Fertilizing New Zealand - the natural way

Prior to the invasion of the first humans, New Zealand apparently used to receive a constant application of fertilizer. This fertilizer was better in quality and larger in quantity, than what all our farmers now apply to our pastures. It would be possible to get the system operational again but it would take some work.

Before humans arrived, New Zealand had a fauna dominated by birds. The only mammals in New Zealand were Bats. We are all familiar with the stories of the giant flightless Moas. However another set of less publicised birds was arguably more influential on the environment. These were the sea birds. The various species, including our favorite 'mutton bird' fed at sea, and nested on land. Some of them, like the Mutton Bird dug out burrows for a nest where they raised their chicks. Without ground predators the sea birds could nest anywhere between the coast and as far as they could fly with their load of stomach-stored-fish to feed their young. In south Island, the remains of nests have been found as far as the foot hills of the Southern Alps. A remnant colony of nesting sea birds still exists high on the mountains of Kaikura. So what destroyed this system.

The obvious candidate is man who, when he arrived, found a rich, easily captured source of food in the nests of the burrowing sea birds. However, an animal he brought with him was probably an even bigger destroyer of this ecology. When Polynesians traveled in their ocean-going canoes, they often brought along the Pacific Rat. Rats are very adaptable and provided a good source of human food once they become established on an new island. Fish and oysters are great food but every once in a while one wants some real meat. Traces of the Polynesian rat have been found in Moa swamps from long before it was believed that the first Polynesians reached New Zealand. It is possible that a canoe of men-only arrived much earlier than the accepted first-arrival date, or that some natural disaster such as the explosion of Lake Tapo wiped out early settlements. Whatever the case, the rat became established and preyed on the young of the nesting sea birds. Unused to predators, the sea birds never had a chance. If the Polynesian rat wasn't enough, as soon as Cook arrived, the European rat, an even more destructive beast, was introduced and quickly spread.

Before their demise, sea birds deposited large quantities of Guano on the land. Guano is not only rich in the major essential elements but also in all the trace elements needed by plants. Any home farmer knows that if he manages to cage a bag of guano, he puts it under lock and key and doles it out with a teaspoon to his favorite plants. Its effects on plants are legendary.

There are a few systems in nature that reverse the constant flow of nutrients from the land down to the sea, The salmon of North America are one and the migration of eels another. However, the system that existed in New Zealand before the invasion of humans dwarfed these nutrient flows by a several of orders of magnitude. It has been estimated that the quantity of nutrients spread on the land by the sea birds exceeded the amount of fertilizer now applied by all our farmers and it was of a much higher quality.

As an aside, where do our fertilizers come from. Much of the phosphate we have used in the past came from Pacific Islands, notably in Kiribati, destroying the island in the process and along with it the life of the people that lived there. (A Pattern of Islands by Arthur Grimble). There is now talk about scraping off the little bit that remains. The phosphate deposits on the islands were probably the guano deposits from ages of sea birds. Over time guano looses its nitrogenous content leaving behind mainly phosphate. We have mined large parts of these islands down to bed rock, leaving them virtually uninhabitable.

Our nitrogen we obtain mainly by fixing atmospheric nitrogen into compounds (Haber process) and putting it on our fields. There are some ecologists who believe that the resulting warping of the nitrogen cycle - favouring nitrification over denitrification - may pose a greater threat to our world in the long run than our release of geologically sequestered Carbon.
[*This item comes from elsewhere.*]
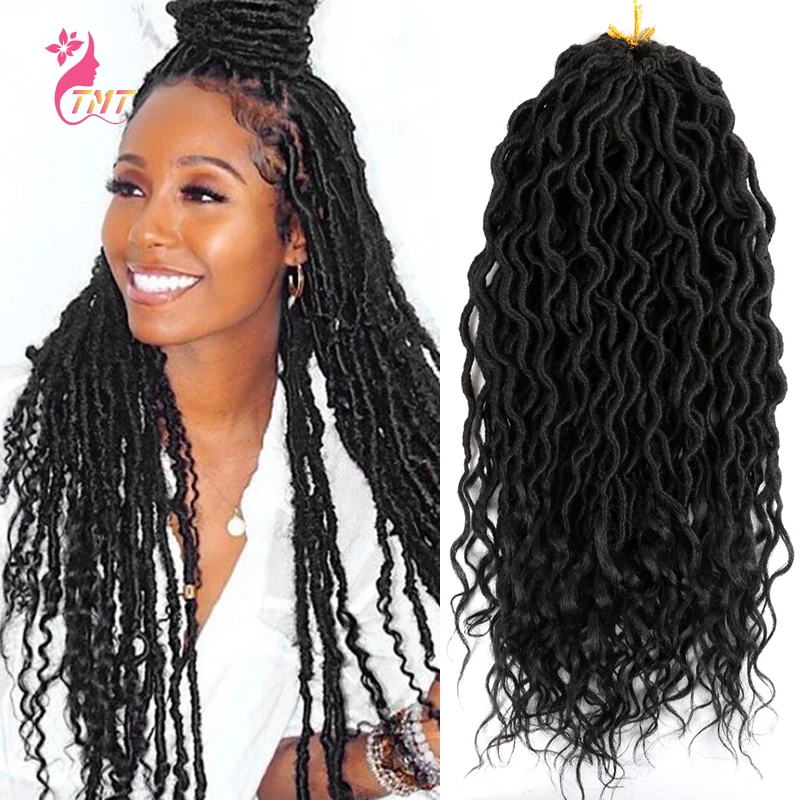 

Crochet Braids Hair Extension Synthetic Curly Faux Locs Soft 18 inch Goddess Braiding With Deep Wave Ends Black Color Dreadlocks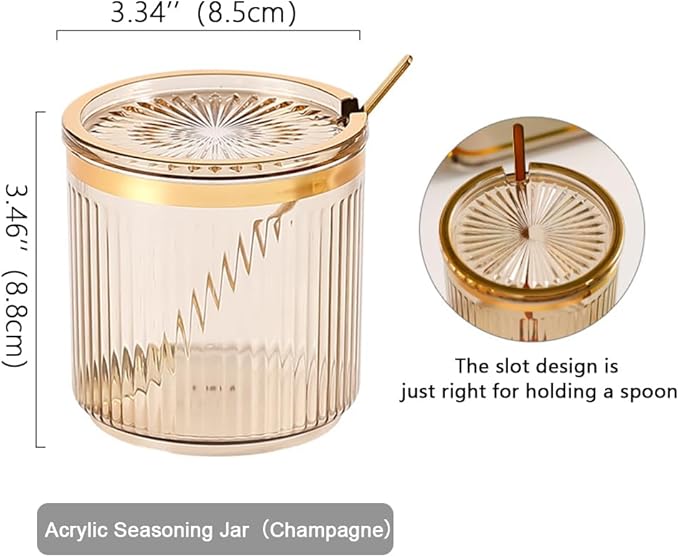 Acrylic Condiment Spice Jars,Condiment Spice Box With Lids and Spoons and Tray,Clear Plastic Sugar Salt Canisters,Seasoning Box 3 Pack,Seasoning Box Set for Kitchen to Storage Salt,Paprika,Sugar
So how could we get the sea birds rather than top dressing planes to fertilize New Zealand again. How could we utilize nutrients from the sea instead of destroying peoples homes and unbalancing the nitrogen cycle.

Fortunately, we don't have to reinvent the wheel. The bones of the system already exist in Namibia.  South western Africa is one of the typical upwelling areas of the world with a desert on land and an incredibly rich marine life offshore. Sea birds abound in this rich area and any little island that Africa's predators can't reach is populated by masses of squabbling birds, all after nesting sites. Because of the lack of rain, the guano builds up and this renewable resource has been collected for decades for fertilizer. However, the African guano companies realized that they could increase their output.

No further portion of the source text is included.